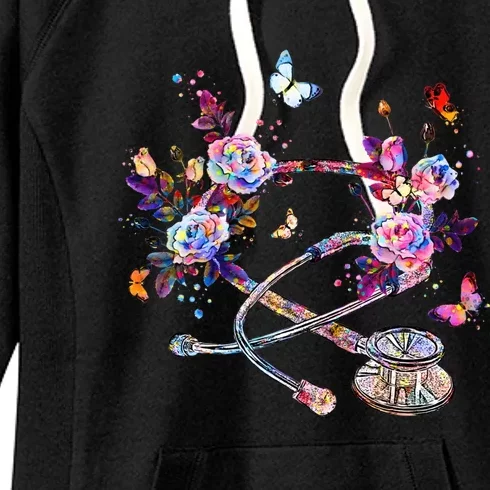 Floral Stethoscope Nursing Medical Tools Science Nurse Hand Gift Women's Fleece Hoodie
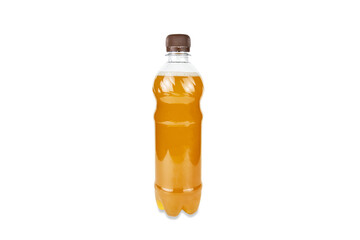 Plastic bottle of light beer lidded, isolated on white background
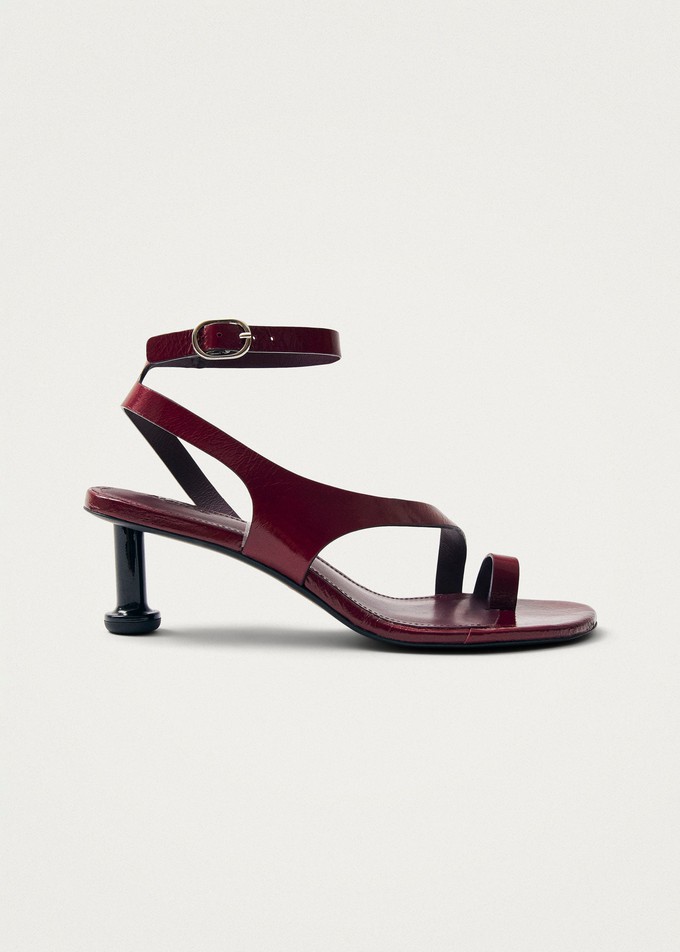 Miquela Onix Burgundy Leather Sandals from Alohas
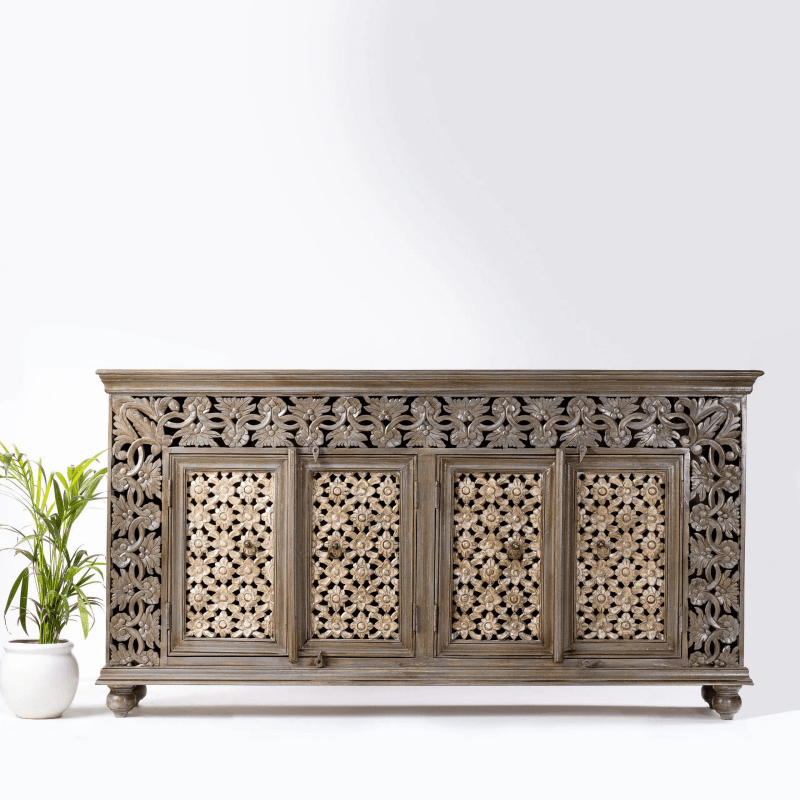 Exquisite Hand-Carved Floral Solid Wood Indian Sideboard Cabinet - Vintage Home Decor for Living Room, Dining Room & Entryway Storage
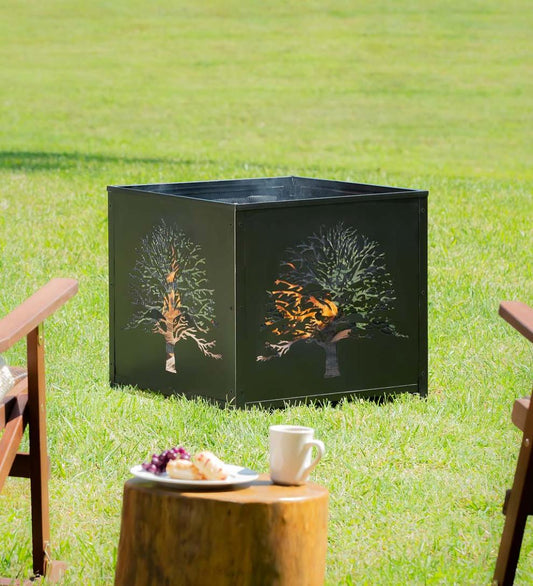 Plow & Hearth Fire Pits Fireplace & Hearth Square Tree Of Life Wood Burning Fire Pit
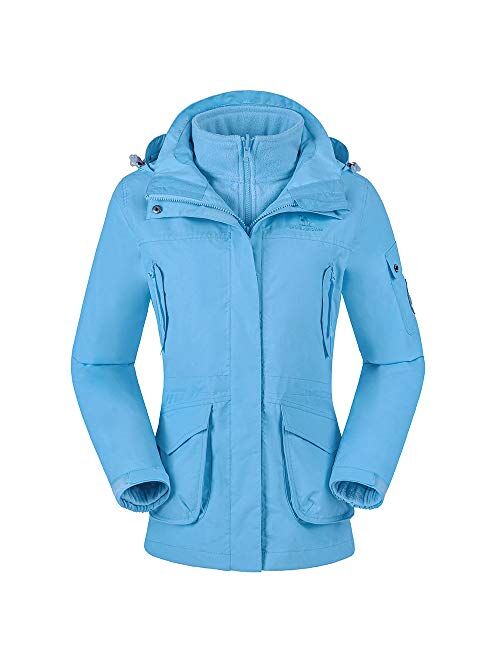 CAMEL CROWN Womens Waterproof Ski Jacket 3-in-1 Windbreaker Winter Coat Fleece Inner for Rain Snow Outdoor Hiking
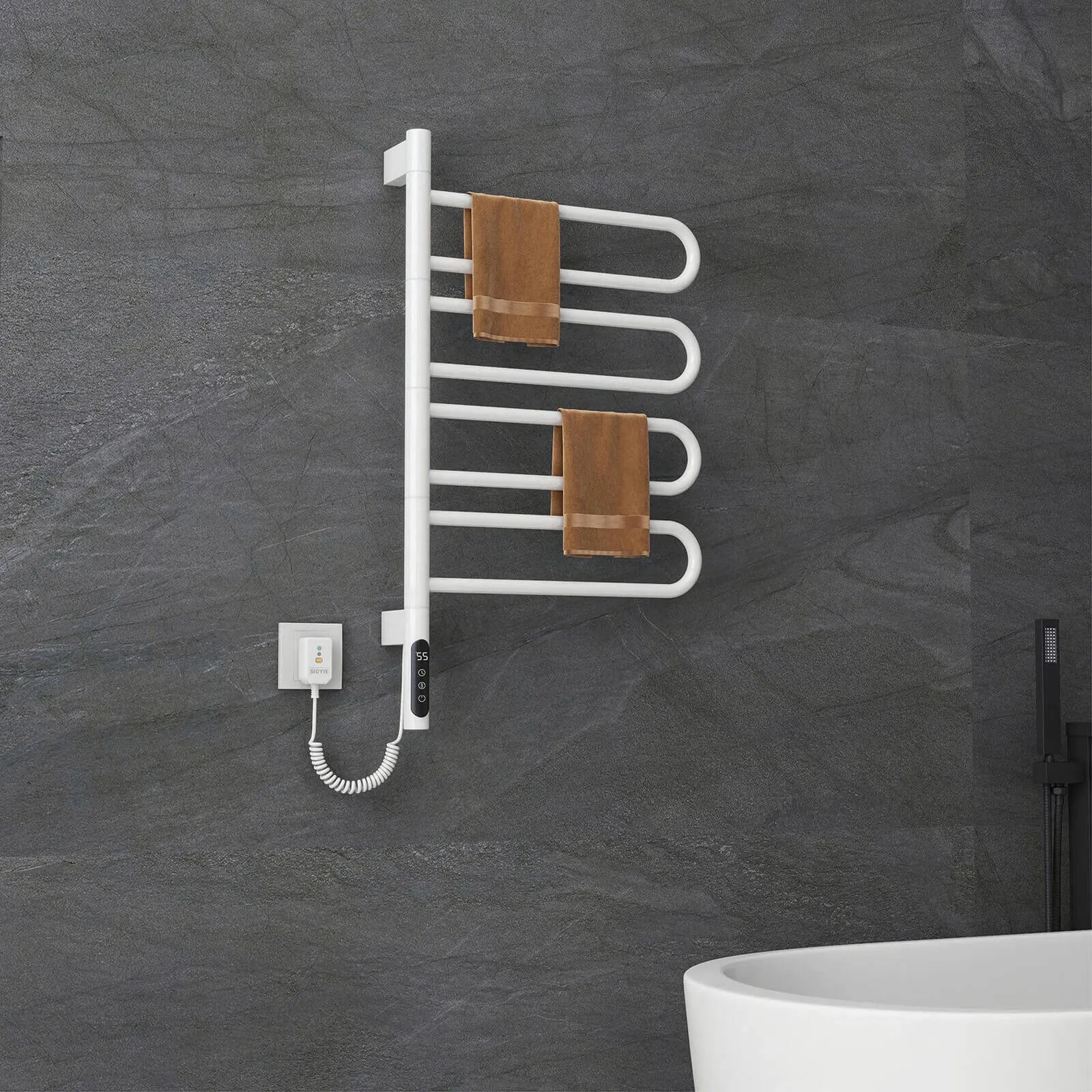 Modern White Wall Mounted Bathroom Towel Warmer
☆ ☆ ☆ ☆ ☆
Task description
Restrict the output to the lines from the one with "Plow & Hearth" through the last line of the material above. Print them exactly, leaving out every picture.

Result
 Plow & Hearth Fire Pits Fireplace & Hearth Square Tree Of Life Wood Burning Fire Pit
 CAMEL CROWN Womens Waterproof Ski Jacket 3-in-1 Windbreaker Winter Coat Fleece Inner for Rain Snow Outdoor Hiking
 Modern White Wall Mounted Bathroom Towel Warmer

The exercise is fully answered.